TASK DETAILS —
Images in the data are to be skipped, while every line is restated exactly as written.

GIVEN DATA —
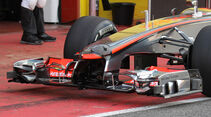 McLaren Mugello F1 Test 2012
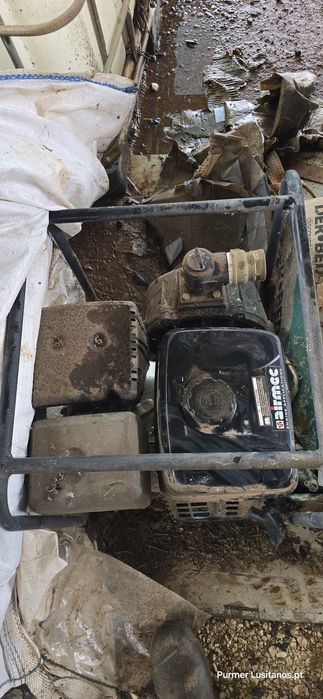 High pressure Waterpump Loncin 500 ltr/1'- 420 cc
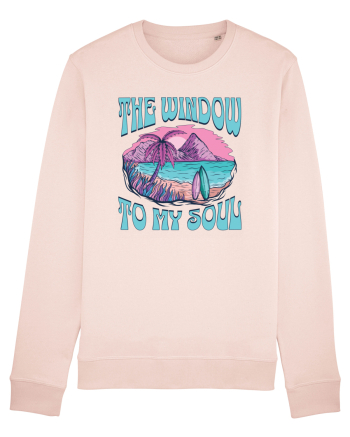 De vară: The window to my soul Candy Pink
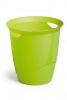 Papírkosár Durable Trend 16l zöld I.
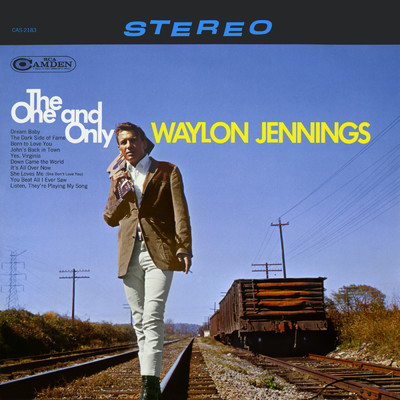 シングル/The Dark Side Of Fame/Waylon Jennings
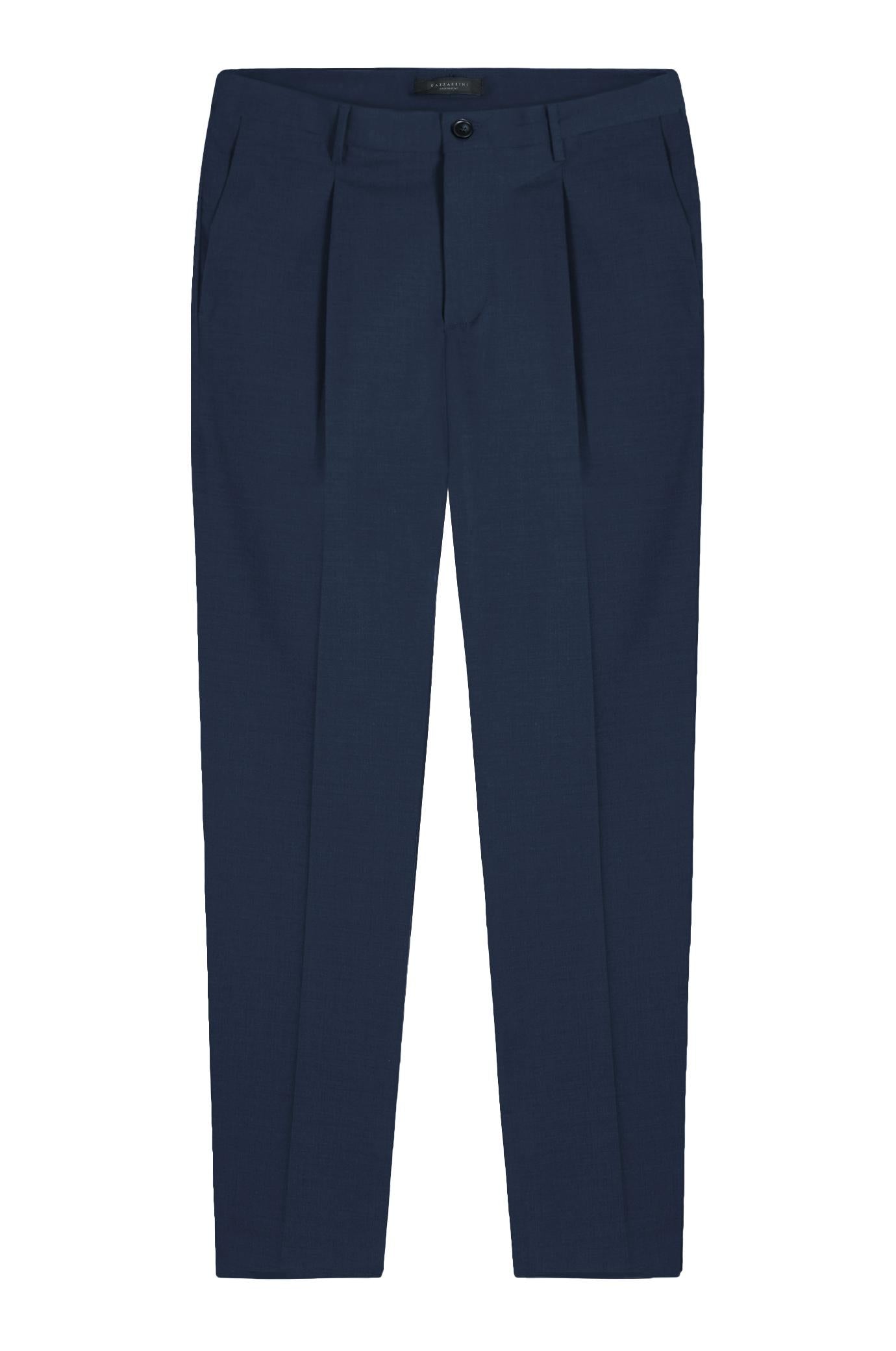 Pantaloni BRANDO Gazzarrini X Michele Franzese PSE705G BLU Gazzarrini x Michele Franzese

RESULT OF THIS TASK —
 McLaren Mugello F1 Test 2012
 High pressure Waterpump Loncin 500 ltr/1'- 420 cc
 De vară: The window to my soul Candy Pink
 Papírkosár Durable Trend 16l zöld I.
 シングル/The Dark Side Of Fame/Waylon Jennings
 Pantaloni BRANDO Gazzarrini X Michele Franzese PSE705G BLU Gazzarrini x Michele Franzese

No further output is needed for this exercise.